The mcyE gene was amplified using the Maeru-mcyEF (5′-CCCTAGCATCGGGTTATCAT-3′) and Maeru-mcyER (5′-CGAGTCAATTGATATTCAATTTCTC-3′) primers (modified from Rantala et al., 2004), and the 16S rDNA gene was amplified using the Maeru-16SrDNAF (5′-GCGTGCTACTGGGCTGTA-3′) and Maeru-16SrDNAR (5′-TCGGGTCGATACAAGCC-3′) primers (modified from Doblin et al., 2007).
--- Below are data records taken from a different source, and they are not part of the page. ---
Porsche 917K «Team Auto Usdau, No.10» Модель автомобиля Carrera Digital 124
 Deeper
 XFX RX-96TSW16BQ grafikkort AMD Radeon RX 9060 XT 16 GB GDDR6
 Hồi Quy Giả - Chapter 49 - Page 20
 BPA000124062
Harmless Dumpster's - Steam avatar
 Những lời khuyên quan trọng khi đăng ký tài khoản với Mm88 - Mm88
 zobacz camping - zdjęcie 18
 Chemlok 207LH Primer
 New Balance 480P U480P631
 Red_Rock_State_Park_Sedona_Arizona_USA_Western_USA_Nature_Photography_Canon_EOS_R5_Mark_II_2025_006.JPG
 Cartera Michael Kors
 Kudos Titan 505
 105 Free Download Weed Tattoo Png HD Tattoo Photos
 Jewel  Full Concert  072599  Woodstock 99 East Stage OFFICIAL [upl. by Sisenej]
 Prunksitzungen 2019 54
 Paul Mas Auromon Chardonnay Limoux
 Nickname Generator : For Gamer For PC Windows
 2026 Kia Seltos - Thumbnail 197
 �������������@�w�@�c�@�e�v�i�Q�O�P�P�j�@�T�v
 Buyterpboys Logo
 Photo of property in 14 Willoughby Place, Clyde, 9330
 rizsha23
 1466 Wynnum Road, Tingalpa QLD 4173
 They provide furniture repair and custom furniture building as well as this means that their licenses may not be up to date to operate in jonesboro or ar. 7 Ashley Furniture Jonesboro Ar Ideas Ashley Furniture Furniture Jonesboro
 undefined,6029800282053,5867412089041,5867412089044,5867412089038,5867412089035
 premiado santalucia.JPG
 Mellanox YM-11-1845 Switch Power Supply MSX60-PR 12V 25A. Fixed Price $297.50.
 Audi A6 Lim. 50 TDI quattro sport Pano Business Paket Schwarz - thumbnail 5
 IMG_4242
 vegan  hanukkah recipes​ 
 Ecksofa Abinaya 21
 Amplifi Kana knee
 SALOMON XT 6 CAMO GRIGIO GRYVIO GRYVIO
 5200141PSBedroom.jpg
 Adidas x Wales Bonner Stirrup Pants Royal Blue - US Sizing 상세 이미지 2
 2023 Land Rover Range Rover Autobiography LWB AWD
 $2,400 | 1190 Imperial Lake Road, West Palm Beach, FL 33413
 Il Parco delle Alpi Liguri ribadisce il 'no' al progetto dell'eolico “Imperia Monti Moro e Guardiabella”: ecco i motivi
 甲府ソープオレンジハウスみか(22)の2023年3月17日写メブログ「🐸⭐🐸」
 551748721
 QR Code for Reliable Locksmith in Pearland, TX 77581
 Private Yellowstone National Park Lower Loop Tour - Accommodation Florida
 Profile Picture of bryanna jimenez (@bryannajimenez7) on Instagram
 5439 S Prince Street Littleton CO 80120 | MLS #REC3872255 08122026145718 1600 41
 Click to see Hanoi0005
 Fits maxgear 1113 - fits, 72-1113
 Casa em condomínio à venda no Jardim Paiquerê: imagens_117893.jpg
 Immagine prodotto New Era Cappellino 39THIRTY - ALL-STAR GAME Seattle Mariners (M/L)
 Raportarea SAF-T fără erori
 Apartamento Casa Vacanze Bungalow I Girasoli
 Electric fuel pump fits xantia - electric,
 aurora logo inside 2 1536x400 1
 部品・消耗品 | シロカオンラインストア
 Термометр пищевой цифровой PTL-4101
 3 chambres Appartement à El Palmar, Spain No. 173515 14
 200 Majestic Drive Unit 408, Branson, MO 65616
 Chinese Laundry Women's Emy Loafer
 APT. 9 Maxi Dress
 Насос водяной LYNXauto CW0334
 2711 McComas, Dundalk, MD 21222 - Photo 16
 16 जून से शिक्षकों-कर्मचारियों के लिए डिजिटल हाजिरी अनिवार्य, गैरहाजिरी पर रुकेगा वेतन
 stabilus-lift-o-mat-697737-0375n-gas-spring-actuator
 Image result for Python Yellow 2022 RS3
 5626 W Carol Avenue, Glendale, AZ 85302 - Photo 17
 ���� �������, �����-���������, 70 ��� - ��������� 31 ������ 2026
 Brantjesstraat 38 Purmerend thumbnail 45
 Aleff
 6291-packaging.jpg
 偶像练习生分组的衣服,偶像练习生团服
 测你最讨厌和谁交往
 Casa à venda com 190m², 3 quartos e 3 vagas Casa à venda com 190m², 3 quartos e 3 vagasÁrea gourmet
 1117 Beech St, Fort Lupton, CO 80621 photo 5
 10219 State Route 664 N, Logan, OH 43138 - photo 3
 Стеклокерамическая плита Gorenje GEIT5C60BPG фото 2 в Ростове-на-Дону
Aliquots of culture suspension were pressurized at 10 bar to collapse the gas vesicles of Microcystis cells, and subsequently centrifuged for 5 min at 15 000 g. After removal of supernatant, genomic DNA was extracted using a DNeasy Blood & Tissue Kit according to the manufacturer's instruction (Qiagen GmbH, Hilden, Germany). The DNA concentration of the samples was measured using a NanoDrop ND-1000 (Nano-Drop Technologies, Wilmington, DE, USA), and all samples were diluted to an equal density of 10 ng μl−1. The qPCR was performed with a Rotor Gene 6000 thermal cycling system (Corbett Research, Sydney, Australia). Each reaction was performed in triplicate. The reaction mix contained 2 μl of sample DNA in combination with 10 μl ABSolute QPCR SYBR green mix (ABgene, Epsom, UK), 0.3 μl of both the forward and reversed primer of the specific gene tested for, and was filled with 0.1 μm filter sterilized DNase-, RNase- and Protease-free water (Sigma-Aldrich, St Louis, MO, USA) to reach a final reaction volume of 20 μl. The thermal cycle consisted of an initial denaturation at 95 °C for 15 min, followed by 40 cycles of denaturation at 94 °C for 20 s, and annealing for 60 s at 65 °C. Data were acquired at 65 °C, and reaction products were verified by DNA melting curve analysis at a temperature ranging from 60 °C to 95 °C at steps of 0.5 °C. Amplification efficiencies of qPCR reactions were similar in all experiments (data not shown).
Microcystin analysis
According to expectation, the microcystin concentration in the competition experiments should vary with the population density of the toxic strain. The performance of the qPCR analysis could therefore be assessed independently, by comparison of the estimated population densities of the toxic strain against the total microcystin concentration measured in the culture vessel.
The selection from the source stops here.